Guriko of Suzuran said:


> Is there an English MLG stream or is it all Russian?
> 
> All the ones I've seen on twitch are russian





Here you go. 

You can navigate between the 3 different English streams from here.


----------



## Hyperion1O1 (Nov 23, 2013)

DK just sweeping through the competition.

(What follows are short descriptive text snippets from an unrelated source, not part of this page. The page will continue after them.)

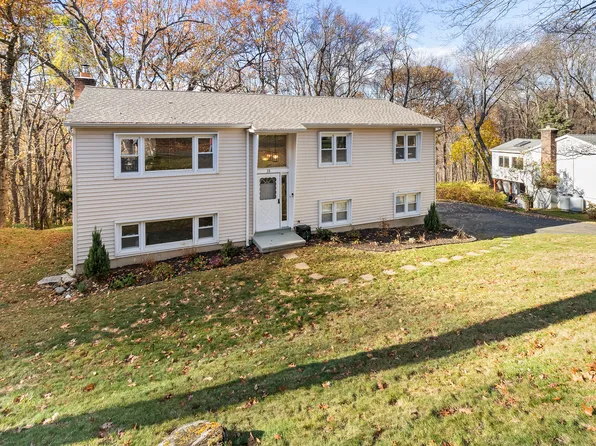 33 Whippoorwill Road, Bethel, CT 06801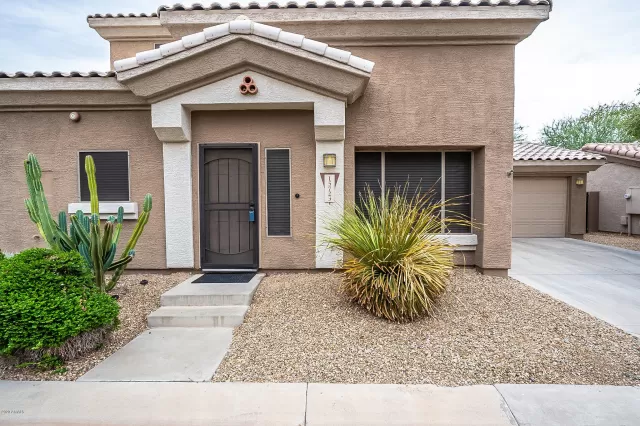 MLS: 6105783 Condo For Sale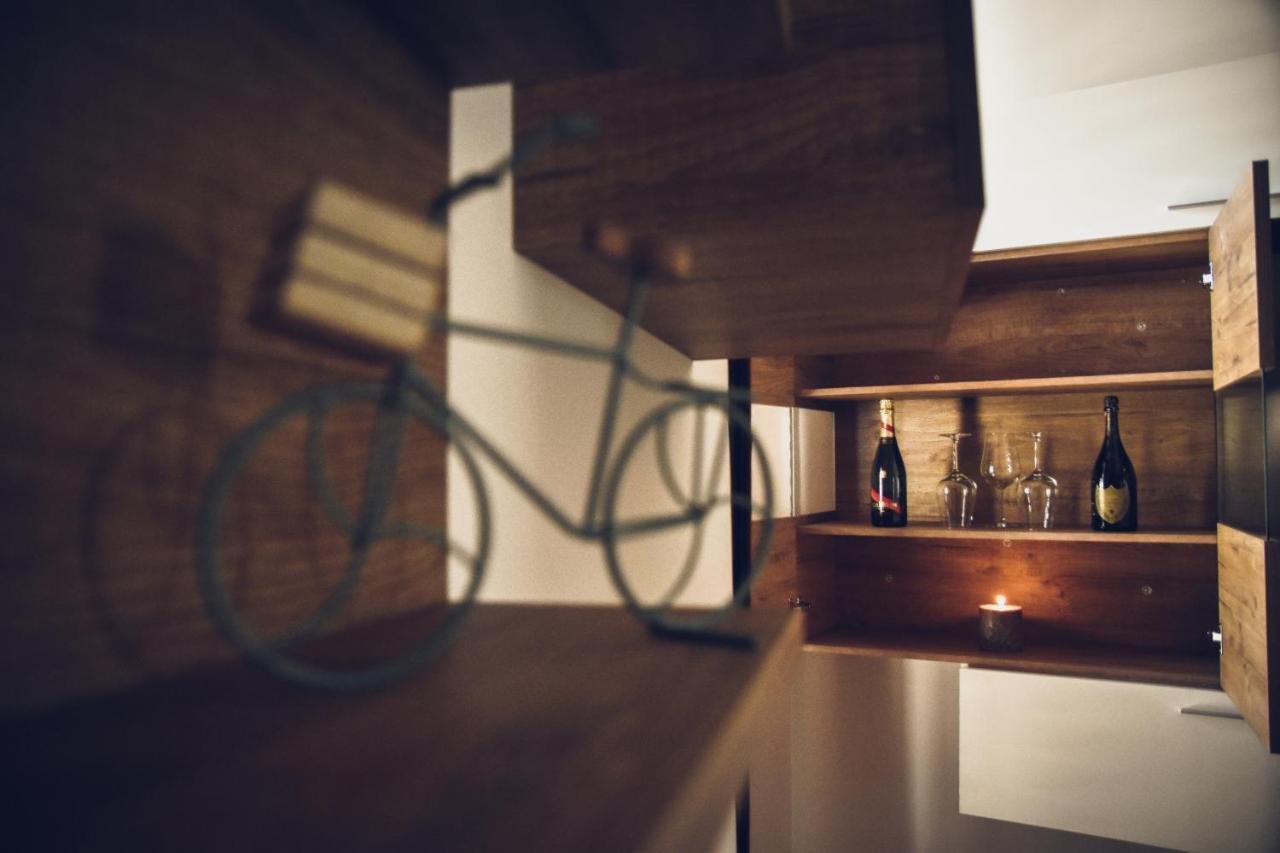 Casa Dell Arco Apartment Bari Luaran gambar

Feels like WPC-Ace all over again


----------



## Shiba D. Inu (Nov 23, 2013)

lol r[A]ts


inb4morewhiningontwitter


----------



## Zhen Chan (Nov 23, 2013)

Hyperion1O1 said:


> DK just sweeping through the competition.
> 
> Feels like WPC-Ace all over again



Don't mean shit till you hit that 6 week window before TI4


----------



## Hyperion1O1 (Nov 23, 2013)

Sounds like you're a bit butthurt


----------



## Hustler (Nov 23, 2013)

DK stomping everyone, about fucking time pek


----------



## Hyperion1O1 (Nov 23, 2013)

DK will lose to Speed because BurNIng will be blinded by EE-sama's light


----------



## Hustler (Nov 23, 2013)

That's a loss I can handle. EE sama is gona coach Burning.


----------



## Hyperion1O1 (Nov 23, 2013)

If DK lose to Speed though, they won't have to play against [A] in the playoffs.


----------



## Hyperion1O1 (Nov 23, 2013)

Where's that ava from, Leo? I want to know.


*Spoiler*: __ 



If that's from an H-movie/series, I really want to know


----------



## Zhen Chan (Nov 23, 2013)

Hyperion1O1 said:


> Sounds like you're a bit butthurt



Nah I just speak the truth. Teams that are strong far out from to always burn out where teams that are strong in the fees going into it do well or win. Just ask IG and No tidehunter Eg Mk 2 Alliance


----------



## Hyperion1O1 (Nov 23, 2013)

Just trolling, man.

*Spoiler*: __ 



It seems though that we won't see both [A] and Na'Vi enter the playoffs.


----------



## Hustler (Nov 23, 2013)

Hyperion1O1 said:


> Where's that ava from, Leo? I want to know.
> 
> 
> *Spoiler*: __
> ...



Strike the blood

[YOUTUBE]http://www.youtube.com/watch?v=bc51ueRUyaY[/YOUTUBE]


----------



## Zhen Chan (Nov 23, 2013)

So what do you think of admiral bulldog and sheever amazon princess getting married?


----------



## Hyperion1O1 (Nov 23, 2013)

I thought it was BulldogXBububu that they're shipping?

EDIT: @Leo

Thanks. No wonder it looks familiar.


----------



## Hustler (Nov 23, 2013)

You watch it?


----------



## Hyperion1O1 (Nov 23, 2013)

Me and my brother watches it every weekend along with some cartoons. Not going to watch it today though, Pacquaio is fighting and MLG is going on


----------



## Naisutime (Nov 23, 2013)

I'm actually gonna be so fuckin' frustrated if Speed doesn't go through because of bad plane tickets and an awful day 1. Plz B-God!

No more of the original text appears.